Useful authority resources
For deeper technical and regulatory context, review guidance from these authoritative sources:
- National Institute of Standards and Technology (NIST) for fire dynamics, smoke control research, and engineering references relevant to smoke movement and stairwell protection.
- U.S. Occupational Safety and Health Administration (OSHA) Exit Routes guidance for egress fundamentals that support the need for tenable protected stairs.
- University of Maryland Department of Fire Protection Engineering for academic fire engineering resources and educational material on smoke control principles.
Depending on your jurisdiction, you may also need to cross check local building code provisions, fire code smoke control sections, and project specific performance based design reports.

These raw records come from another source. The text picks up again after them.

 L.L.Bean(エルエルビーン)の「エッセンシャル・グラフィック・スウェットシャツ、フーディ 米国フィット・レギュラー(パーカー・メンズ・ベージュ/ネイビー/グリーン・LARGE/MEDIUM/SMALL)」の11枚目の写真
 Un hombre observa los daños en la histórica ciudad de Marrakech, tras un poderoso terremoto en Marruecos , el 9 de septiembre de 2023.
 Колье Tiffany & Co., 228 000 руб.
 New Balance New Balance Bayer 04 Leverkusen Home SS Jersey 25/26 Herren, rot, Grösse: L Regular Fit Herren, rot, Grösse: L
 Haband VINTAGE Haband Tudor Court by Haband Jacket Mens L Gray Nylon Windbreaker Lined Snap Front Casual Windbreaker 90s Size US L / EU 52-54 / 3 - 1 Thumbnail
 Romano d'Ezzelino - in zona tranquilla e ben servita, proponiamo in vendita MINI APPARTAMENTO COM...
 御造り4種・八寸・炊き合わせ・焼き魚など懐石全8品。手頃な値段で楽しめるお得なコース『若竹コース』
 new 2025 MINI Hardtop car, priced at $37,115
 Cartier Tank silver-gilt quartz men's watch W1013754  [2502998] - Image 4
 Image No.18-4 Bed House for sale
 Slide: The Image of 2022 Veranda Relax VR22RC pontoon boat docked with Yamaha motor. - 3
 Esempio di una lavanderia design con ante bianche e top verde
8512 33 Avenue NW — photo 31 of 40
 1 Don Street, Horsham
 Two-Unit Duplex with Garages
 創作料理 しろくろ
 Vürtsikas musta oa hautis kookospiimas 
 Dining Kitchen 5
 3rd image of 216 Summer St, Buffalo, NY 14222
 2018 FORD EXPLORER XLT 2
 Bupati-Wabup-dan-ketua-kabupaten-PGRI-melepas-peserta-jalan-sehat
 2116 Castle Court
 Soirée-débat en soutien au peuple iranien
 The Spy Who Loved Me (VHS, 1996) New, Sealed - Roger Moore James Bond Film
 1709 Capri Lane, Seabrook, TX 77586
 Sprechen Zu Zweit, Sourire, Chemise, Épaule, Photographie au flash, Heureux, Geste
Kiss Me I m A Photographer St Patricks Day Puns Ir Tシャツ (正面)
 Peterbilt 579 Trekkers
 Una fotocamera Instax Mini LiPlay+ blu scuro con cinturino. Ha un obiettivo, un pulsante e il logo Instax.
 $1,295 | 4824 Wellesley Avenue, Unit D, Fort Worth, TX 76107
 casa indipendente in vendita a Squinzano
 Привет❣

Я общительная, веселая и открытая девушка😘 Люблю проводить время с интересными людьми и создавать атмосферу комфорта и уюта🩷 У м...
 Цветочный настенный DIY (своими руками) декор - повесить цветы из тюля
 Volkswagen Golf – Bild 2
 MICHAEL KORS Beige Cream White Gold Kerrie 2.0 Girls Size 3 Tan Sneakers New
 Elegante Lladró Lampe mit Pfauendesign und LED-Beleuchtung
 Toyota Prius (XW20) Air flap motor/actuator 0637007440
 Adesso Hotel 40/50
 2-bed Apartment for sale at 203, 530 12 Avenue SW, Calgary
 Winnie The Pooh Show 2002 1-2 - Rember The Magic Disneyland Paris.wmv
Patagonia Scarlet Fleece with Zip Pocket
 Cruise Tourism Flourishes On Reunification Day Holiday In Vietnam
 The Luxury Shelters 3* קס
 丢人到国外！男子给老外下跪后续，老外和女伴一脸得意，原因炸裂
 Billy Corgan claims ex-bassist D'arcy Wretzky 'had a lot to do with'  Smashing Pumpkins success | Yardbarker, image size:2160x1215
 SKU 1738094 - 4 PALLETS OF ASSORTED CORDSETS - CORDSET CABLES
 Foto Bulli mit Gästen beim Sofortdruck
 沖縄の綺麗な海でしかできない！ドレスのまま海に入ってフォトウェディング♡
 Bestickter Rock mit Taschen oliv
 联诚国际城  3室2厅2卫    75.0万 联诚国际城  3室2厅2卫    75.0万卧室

Final engineering perspective
A high quality stair pressurization calculation balances life safety, practicality, and controllability. The best designs do not aim for the highest pressure possible. Instead, they target the right airflow and the right control response for the stair enclosure in question. In many buildings, the controlling case is not the nominal pressure differential, but the combination of leakage, open door demand, and allowable door force.
The calculator on this page is designed to help estimate that balance quickly. It compares air change demand, leakage demand, and open door compensation demand, then applies a user selected safety factor to give a recommended supply rate. Use the result to start discussions with your mechanical engineer, fire engineer, code consultant, or commissioning specialist. For permit level work, always validate the assumptions with the applicable standard and the authority having jurisdiction.